Dutch writer and journalist

Franca Treur (born 1979) is a Dutch writer and a freelance journalist for NRC Handelsblad and nrc.next.

== Biography ==

=== Youth and education ===
Treur grew up in a strict Reformed Christian farming family in her Zeelandic birthplace of Meliskerke. After secondary school at the Calvijn College, she went on to study psychology at Leiden University. Later she switched to Dutch language and literary science. In Leiden, she became a member of the Reformed student association Panoplia. According to a newspaper interview, during her studies she discovered the similarities between stories from Ancient Near Eastern cultures and those related in the Bible, which convinced her that such stories were merely invented to console human beings. Moreover, she says that she had never felt the existence of God, and therefore abandoned her faith, informing the board of Panoplia about it on 11 September 2001.

=== Literary career ===
In 2006, Treur won an essay competition, themed 'Macht en onmacht' ('Power and powerlessness') commissioned by Contrast Magazine and nrc.next, with her piece Maak iets van je leven! Maar wat? ("Make something out of your life! But what?").
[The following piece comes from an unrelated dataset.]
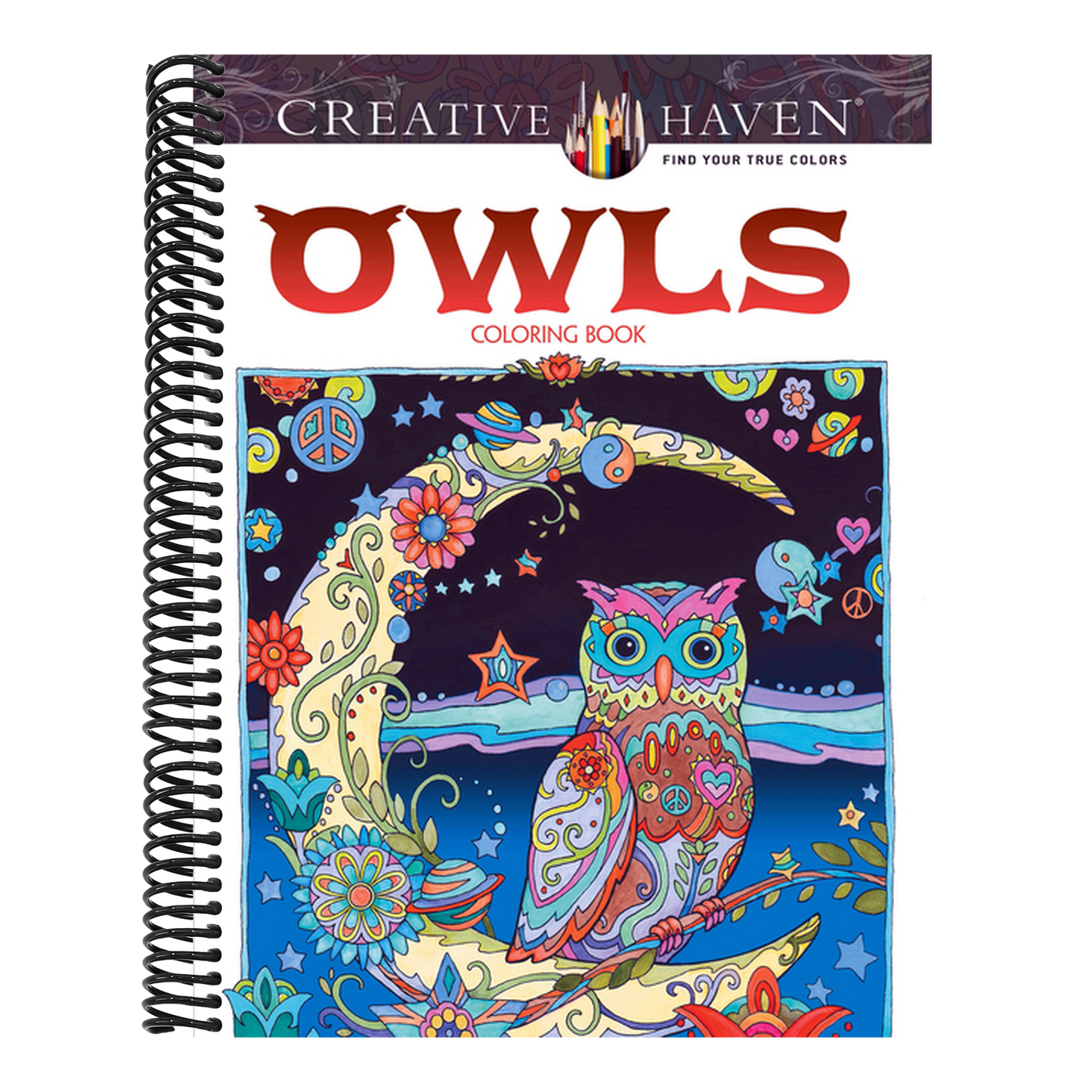 Creative Haven Owls Coloring Book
In October 2009, her first book Dorsvloer vol confetti ("Threshing Floor Laden With Confetti") was published. It is a psychological novel about a girl that grows up in Zeeland in a deeply religious farming family in the late 1980s and early 1990s. Although her youth served as a crucial role of inspiration, the novel is not an autobiography. The book sold over 150,000 copies. Because of the topic and her background, her style is often compared to writers such as Jan Siebelink and Maarten 't Hart, who, like her, have broken away from the strict Reformed milieu in which they were raised.

In 2010, Franca Treur won the Selexyz Debut Prize. Dorsvloer vol confetti was nominated several times, including for the AKO Literatuurprijs (longlist) and the NS Publieksprijs. At the end of 2010, Column Film announced that it had bought the film rights for Dorsvloer vol confetti. It was shown in cinemas in 2014.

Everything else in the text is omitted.